Simulation and Validation of UV–Visible Limb-Scattered Imaging Spectroscopy Based on SASKTRAN-HR

UV–visible limb-scattered observations provide key information on the vertical distributions of trace gases in the middle atmosphere. As Earth-observing satellites progressively acquire large off-nadir limb-imaging capability, imaging spectroscopy is expected to further enhance the spatiotemporal information content of limb observations. However, existing models typically focus on single line-of-sight spectral radiance calculations and do not explicitly incorporate the instrument imaging chain, which hinders end-to-end assessment and broader application of limb-imaging spectrometers. In this study, starting from atmospheric composition and including selected instrument parameters, we implement UV–visible Earth limb-imaging spectral simulations and perform validation with quantitative error analysis.

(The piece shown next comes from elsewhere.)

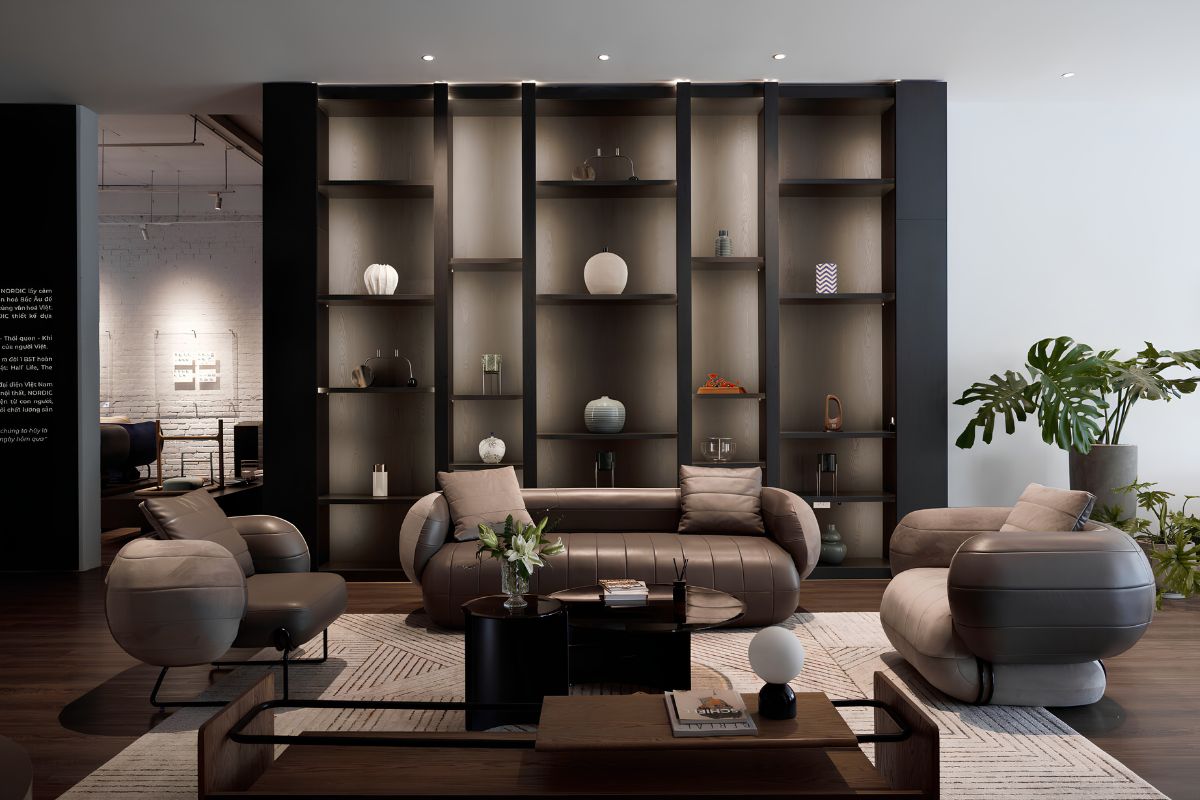 Mẫu Thiết Kế Nội Thất Phòng Khách Biệt Thự Đẹp, Đẳng Cấp & Xu Hướng 2026 26 Sofa vải, bàn trà gỗ và kệ tivi kiểu dáng gọn nhẹ tạo nên không gian phòng khách Scandinavian tiện nghi nhưng không cầu kỳ (Ảnh: Sưu tầm)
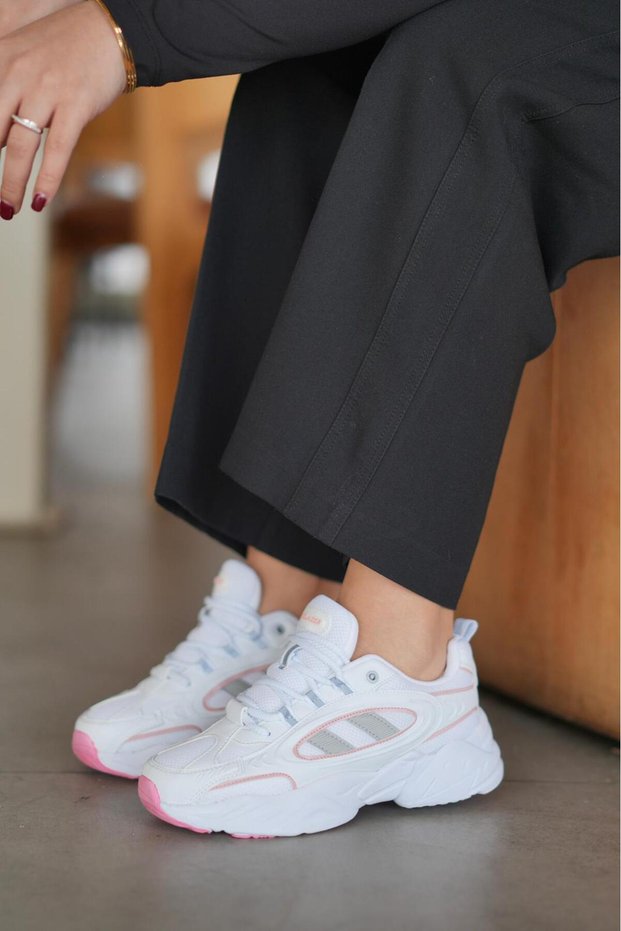 Women's White Powder Pink Sneakers Daily Sneakers 047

The proposed approach builds a forward-simulation framework for UV–visible limb-imaging spectroscopy based on the SASKTRAN-HR radiative transfer engine, generating physics-based limb images and hyperspectral three-dimensional data cubes over 300–800 nm and 6–97 km. A three-dimensional atmospheric scene is constructed using CAMS reanalysis data (deriving air number density from pressure and temperature and incorporating ozone and sulfate aerosols, among others), while the upper-atmospheric background state is extended using the CIRA-86 model. The instrument imaging chain is further coupled, including field of view (FOV), spectral response function (SRF), and point spread function (PSF), to represent pixel-level spectral–spatial coupling effects.

Validation is conducted in the spectral domain. Simulated radiances are convolved to the effective spectral resolution of OSIRIS, and a height-by-wavelength evaluation is performed against a single OSIRIS limb scan (scan No. 54300035). Over 300–800 nm and 6–97 km, the simulations exhibit an overall systematic underestimation, with a mean absolute relative error (MARE) of 31.5% (median 25.1%). The dominant error source is attributed to discrepancies between the constructed atmospheric scene and the actual atmospheric state. Within the 20–55 km altitude range commonly used for trace-gas profile retrievals, the MARE is 10.9% (median 8.5%). Errors increase substantially above 80 km (MARE = 63.1%), likely related to stray light and reduced signal-to-noise ratio due to weak scattering signals. In addition, the simulated results are converted into pseudo-color imagery using the CIE 1931 color matching functions to enable a qualitative consistency check of limb radiance gradients and chromaticity variations.

This imaging-spectroscopy simulation framework provides a testbed for limb-imaging instrument design, development and evaluation of trace-gas retrieval algorithms, and satellite validation activities for current and future limb-imaging missions (e.g., ALTIUS).